Insurers also may challenge the efficacy of loss mitigation measures that businesses adopt to address the effects of the recent tornado or flooding. Typical property policies require business owners to take reasonable steps to minimize losses, and insurers often question, after the fact, the measures that businesses take to do that. Businesses should be prepared to rebut any such hindsight-based arguments, and to defend their business decisions. Furthermore, under many property policies businesses may be able to recover expenses incurred in order to mitigate loss.

Practical Pointers for Preserving Insurance Rights
There are steps that businesses can and should take now to put themselves in the best possible position to secure coverage if and when the need arises.
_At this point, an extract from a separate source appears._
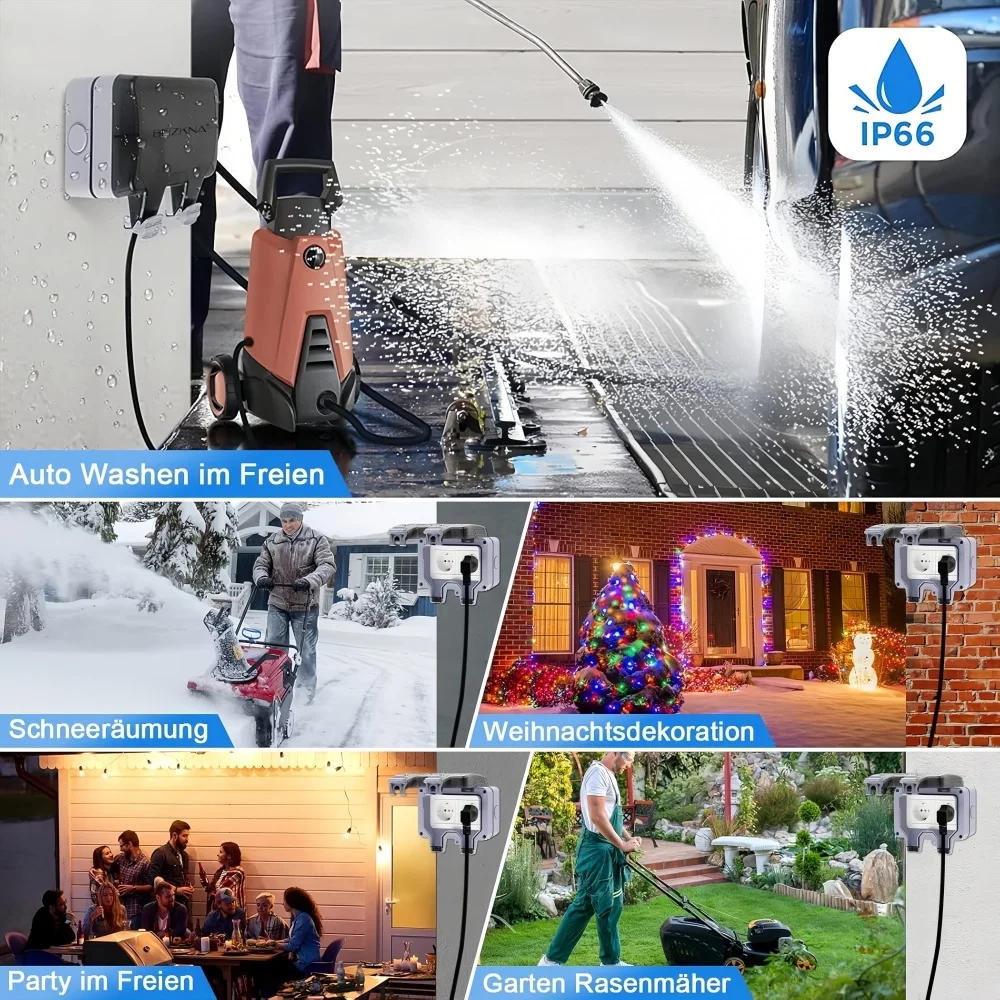 Наружная розетка в европейском – обзор и цена Outdoor Lighting Switch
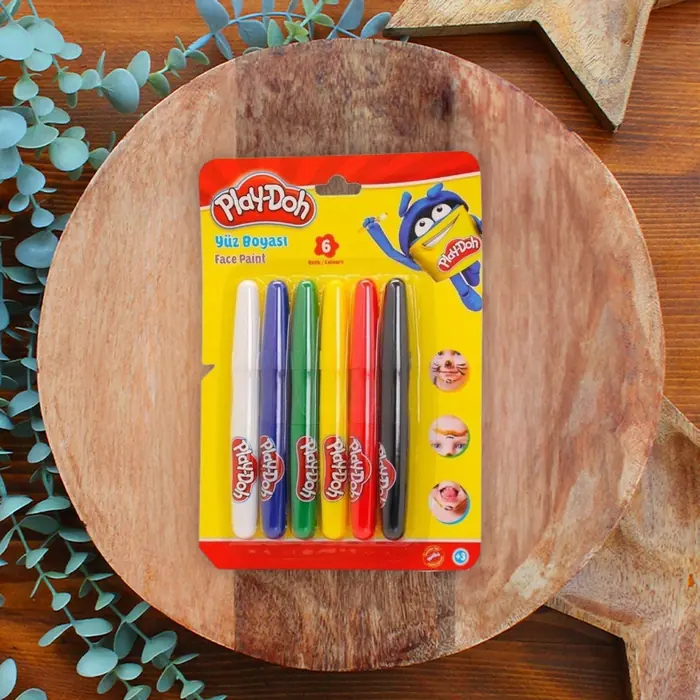 PLAY-DOH YÜZ BOYASI 6 RENK (DÖKME)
  • First, businesses should collect, organize, and review their insurance policies. This process should include an effort to identify and obtain policies issued to other businesses, such as current and former affiliates, that may also provide coverage.
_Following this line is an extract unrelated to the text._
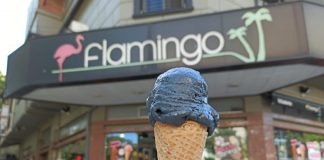 Helado negro: la propuesta de Flamingo, la clásica heladería de Vicente López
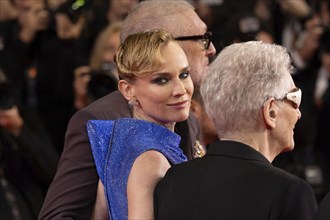 Cannes, France, 20.5.2024: Diane Kruger at the premiere of The Shrouds' on the red carpet of the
  • Second, most property policies require policyholders to provide notice of potential claims and to submit “proofs of loss” quickly, and these policies also often have express deadlines for when any lawsuit against the insurer must be brought if there is a dispute.
    For example, many property policies require that businesses “immediately” give notice of a loss that may give rise to a claim, and policies often further require that a policyholder submit a “proof of loss,” documenting the insured damage, business losses, and expenses, within 60-90 days. These policies often also require that any lawsuit against the insurer be brought within one or two years. It is critical that businesses promptly give at least precautionary notice, absent business reasons to refrain from doing so. Business owners should also keep their insurers informed of their efforts to mitigate their damages and to reopen their businesses, in order to limit future disputes.
    Moreover, businesses should consider approaching their insurers about postponing, or “tolling,” the referenced proof of loss and lawsuit deadlines, by agreement. Insurance companies often are willing to do so in situations that involve widespread losses, like those that can be anticipated with the recent tornado and flooding. Note, however, that some jurisdictions differ in their rules regarding the extent to which parties can enter into such “tolling” agreements, and thus an examination of the applicable law is necessary.
  • Third, businesses should carefully document their property damage, lost revenues, and additional expenses, and they also should set up protocols for communicating both internally and externally about any losses and insurance issues. Because of the nuances in the coverage issues raised, such protocols are important to help protect against inadvertent characterizations regarding the nature or cause of losses, for example, that insurers might use later if a coverage dispute arises.  Thus, businesses should consider involving their legal departments and insurance lawyers in such communications.
  • Finally, because of the complicated coverage questions and potential procedural traps previewed here, businesses should consider consulting with experienced professionals, such as insurance brokers, accounting consultants, and coverage counsel, who can help prepare for a potential coverage claim.

The coverage provided by a business’s insurance policies can be an extremely valuable business asset.  Business owners can maximize the benefits of insurance, and minimize the chances of protracted disputes later, by acting proactively now to assess and preserve their rights.